Во многих работах Лосева эксплицирована методика исследования текста. На примере символов тьмы и света (Лосев 1993: 185 сл.); ср. (там же: 290) Лосев дает анализ по оппозициям, показывая диалектику переходов эквиполентности как явленного (феномена) через «умную» привативность к градуальности мысли; намечается иерархия оппозиций, их роль в мышлении и в жизни.
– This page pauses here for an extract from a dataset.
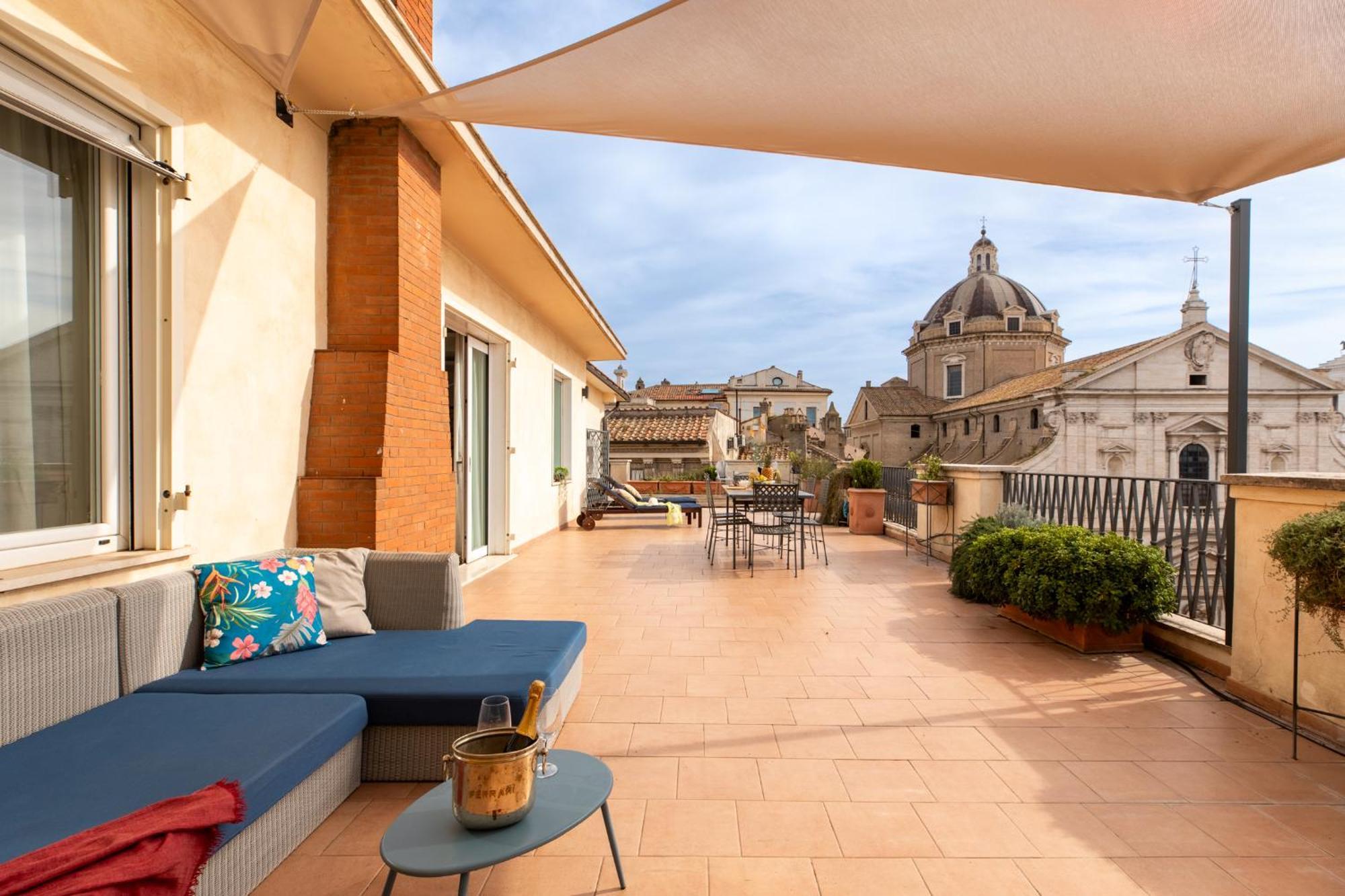 Apartamento Penthouse Rome Capitol Exterior foto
Нужно особо заметить, что Лосев в оппозициях работает по маркированному члену, который воспринимается как несущий признак качества (признак идеи), а привативность («умная привативность») основана на диалектике раздвоения и представлена в эквиполентности как антиномии, тогда как градуальность есть явленная диалектика трех.
3. Имя и слово
«Согласно Лосеву, слово есть внешняя видимость эйдоса вещи, возникающая с диалектической необходимостью в процессе эволюции бытия, которое приходит к бытию для себя, т.е. самосознанию. Каждая сущность как определенное бытие, отличающееся от своего „инобытия“, от меона (от принципа неопределенности), и следовательно, содержащее в себе это инобытие, включает следующих три аспекта:
1) генологический аспект, или аспект единства, выходящий за пределы существования и сравнивающий всё существующее с несуществующим, меонические аспекты вещи;
2) эйдетический аспект, или аспект формы как проявление смысла или идеи в вещи;
3) генетический аспект, или алогическое становление»
– такое мировоззрение называется символизмом (Лосский 1991: 375). Возникает проблема соотношения слова и имени, поскольку категория имени есть категория выражения (Лосев 1993: 228).
«Слово и, в частности, имя есть необходимый результат мысли, и только в нем мысль достигает своего высшего напряжения и значения» (Лосев 1990: 24).
Поскольку
«вещь – множественна, изменчива, неустойчива»,
она должна быть ухвачена сознанием в основных своих признаках, и тогда
«знать имя вещи значит быть в состоянии в разуме приближаться к ней или удаляться от нее.
Знать имя вещи значит уметь пользоваться вещью в том или другом смысле. Знать имя вещи значит быть в состоянии общаться и других приводить в общенье с вещью, ибо имя и есть сама вещь в аспекте своей понятости для других, в аспекте своей общительности со всем прочим» (там же: 155).